AWS open-sourced its PartiQL query language to provide a way to query data across formats and services.
The project was started as a reaction to the spreading of data across “relational databases, non-relational data stores, and data lakes” companies see today. Since most data stores come with their own query language, transforming data and moving it to another platform can get quite complicated and may require changes in applications and queries.
With the amount of tabular, nested, and semi-structured data that can be found across Amazon’s retail business and AWS services, the company needed a way to solve those issues and started work on PartiQL. The language’s design goals included SQL compatibility to keep SQL queries intact, first-class support for nested data, optional schema and query stability, minimal extensions over SQL, format independence, and data store independence as key development goals.
The now released outcome separates a query’s syntax and semantics from the data source and format, so that users can query data no matter how or where they are stored.
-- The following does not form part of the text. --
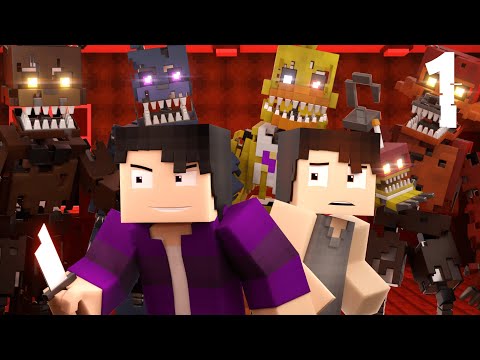 Afton Family | Minecraft Fnaf Animated Music Video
A first reference implementation written in Kotlin, JetBrains’ language for the JVM, a specification document, and a PartiQL tutorial are available now under the Apache 2 license.
The implementation is compatible with SQL-92 and includes additions to deal with schemaless hierarchical data. It comes with an embeddable reference interpreter, a test framework, and tests and should allow devs to analyse PartiQL queries and use them in their own apps.
At this stage, PartiQL is still a preview and shouldn’t be used in production (although it is already used in AWS projects, as the introductory post points out). Although the language is mostly stable, the project repo implies that the interpreter API will see a lot of changes in the next few months, so a bit of patience is advised if you don’t want to offer your support to the project.
In the past couple of days AWS also announced improvements to the Amazon SageMaker Python SDK – not strictly data storage related, but you need lots of data for machine learning, so there you go. The kit was finally fitted with an integration for version management system Git, which means users can access training scripts stored in Git repositories directly. Previously scripts to train models had to be downloaded beforehand.